Jennie Price, chief executive of Sport England talked about some of the barriers to the participation of women in sport: “One of the strongest themes was a fear of judgment. Worries about being judged for for being the wrong size, not fit enough and not skilled enough came up time and time again. We want to address that.” Yet the video, despite being beautifully shot, still worships at the cult of the body, objectifies the bodies of those filmed and makes those gazing upon them passively complicit with this. Whatever the intent was to redefine what kind of female body is acceptable, the campaign is still concerning itself with parameters and makes no attempts to defy convention.
If female flesh mattered not one jot in the gender scheme of things it would go unmentioned as it does in sports campaigns aimed at men which tend to highlight the skills, prowesss, work and effort required. A mans appearance is related very closely to utilty and functionality, ideas rarely associated in advertising about or aimed at women. They don’t use male flesh to tell men they want them to not focus on their flesh and they do not invoke an unwelcome gaze. Even more importantly, campaigns aimed at men do not tell them they need to disregard their physical flaws, either imagined or actual. By saying ‘disregard’ you are stating that there is something TO disregard and the psychology of self consciousness, of shyness and body unconfidence will hone in on that like a javelin.
Equally important is the worthiness and higher moral purpose that must come attached to many female activities, including what we’d imagine as something relatively uncomplicated- sport.

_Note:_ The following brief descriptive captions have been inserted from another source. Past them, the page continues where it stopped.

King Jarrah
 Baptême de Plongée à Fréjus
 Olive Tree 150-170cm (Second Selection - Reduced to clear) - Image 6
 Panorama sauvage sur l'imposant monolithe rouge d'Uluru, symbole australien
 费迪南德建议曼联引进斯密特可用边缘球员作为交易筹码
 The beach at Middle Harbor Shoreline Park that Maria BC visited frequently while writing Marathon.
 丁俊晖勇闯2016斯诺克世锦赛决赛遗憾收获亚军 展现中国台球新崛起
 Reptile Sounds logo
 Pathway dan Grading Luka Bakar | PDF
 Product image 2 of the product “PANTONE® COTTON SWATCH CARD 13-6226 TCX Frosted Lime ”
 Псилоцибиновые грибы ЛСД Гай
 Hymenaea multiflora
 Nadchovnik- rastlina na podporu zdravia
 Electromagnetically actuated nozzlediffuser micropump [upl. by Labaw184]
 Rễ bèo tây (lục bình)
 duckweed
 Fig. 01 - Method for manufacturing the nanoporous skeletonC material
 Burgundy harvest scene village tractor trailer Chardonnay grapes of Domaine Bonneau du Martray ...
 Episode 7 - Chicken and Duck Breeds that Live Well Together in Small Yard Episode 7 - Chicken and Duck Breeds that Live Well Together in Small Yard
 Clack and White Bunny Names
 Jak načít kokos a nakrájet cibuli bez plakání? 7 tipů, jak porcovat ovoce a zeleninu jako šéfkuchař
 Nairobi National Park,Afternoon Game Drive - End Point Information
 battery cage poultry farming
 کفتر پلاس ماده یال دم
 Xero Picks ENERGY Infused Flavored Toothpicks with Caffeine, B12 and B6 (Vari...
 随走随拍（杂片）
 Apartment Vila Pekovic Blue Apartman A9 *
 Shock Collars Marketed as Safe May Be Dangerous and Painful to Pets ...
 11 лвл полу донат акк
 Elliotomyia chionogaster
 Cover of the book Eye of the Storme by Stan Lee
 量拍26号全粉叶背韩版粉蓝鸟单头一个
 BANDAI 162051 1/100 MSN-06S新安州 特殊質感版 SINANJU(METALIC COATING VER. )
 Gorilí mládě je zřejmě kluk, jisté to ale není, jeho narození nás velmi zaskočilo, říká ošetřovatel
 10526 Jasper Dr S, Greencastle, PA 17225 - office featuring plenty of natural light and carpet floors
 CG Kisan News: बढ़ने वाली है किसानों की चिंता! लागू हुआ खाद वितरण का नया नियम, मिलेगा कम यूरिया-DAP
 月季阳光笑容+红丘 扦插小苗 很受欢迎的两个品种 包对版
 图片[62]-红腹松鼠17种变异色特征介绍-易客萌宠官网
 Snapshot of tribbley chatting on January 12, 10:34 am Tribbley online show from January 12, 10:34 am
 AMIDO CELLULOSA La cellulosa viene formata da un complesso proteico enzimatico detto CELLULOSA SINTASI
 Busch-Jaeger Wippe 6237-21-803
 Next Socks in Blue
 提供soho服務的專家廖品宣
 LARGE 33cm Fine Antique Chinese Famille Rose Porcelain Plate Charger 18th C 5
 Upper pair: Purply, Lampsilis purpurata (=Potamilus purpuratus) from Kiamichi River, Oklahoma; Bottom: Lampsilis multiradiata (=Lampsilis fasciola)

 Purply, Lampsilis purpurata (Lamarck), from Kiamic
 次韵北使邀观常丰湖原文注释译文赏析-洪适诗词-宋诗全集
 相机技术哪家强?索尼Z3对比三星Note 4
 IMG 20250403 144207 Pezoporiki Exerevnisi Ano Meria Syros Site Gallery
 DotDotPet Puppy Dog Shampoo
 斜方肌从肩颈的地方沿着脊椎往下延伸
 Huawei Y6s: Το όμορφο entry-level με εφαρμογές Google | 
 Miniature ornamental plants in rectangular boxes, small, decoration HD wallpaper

Where is the argument for exercise for the sake of exercise? Exercise that is enjoyed purely for the simple pleasure in physicality it generates? Instead of a pure and uncomplicated relationship with their corporeal selves, women are encouraged to take part in order to strengthen friendships, manage and reduce the stress caused by work, parenthood and caring whilst improving our emotional and physical strength. There is no strong case made for pure unfettered, unintellectual and unanalytical pleasure, no case made for total abandonment to the testing of ones body against standards that have nothing to do with how it looks to others. There is no permission for women to exist solely for themselves nor are we permitted to exist in the moment purely for that moment, free from intrusion.
This campaign has good intentions but at the end of the day, it is still reminding us that we women have a mountain to climb when it comes to equality in sports and it is not handing us the best equipment with which to climb it.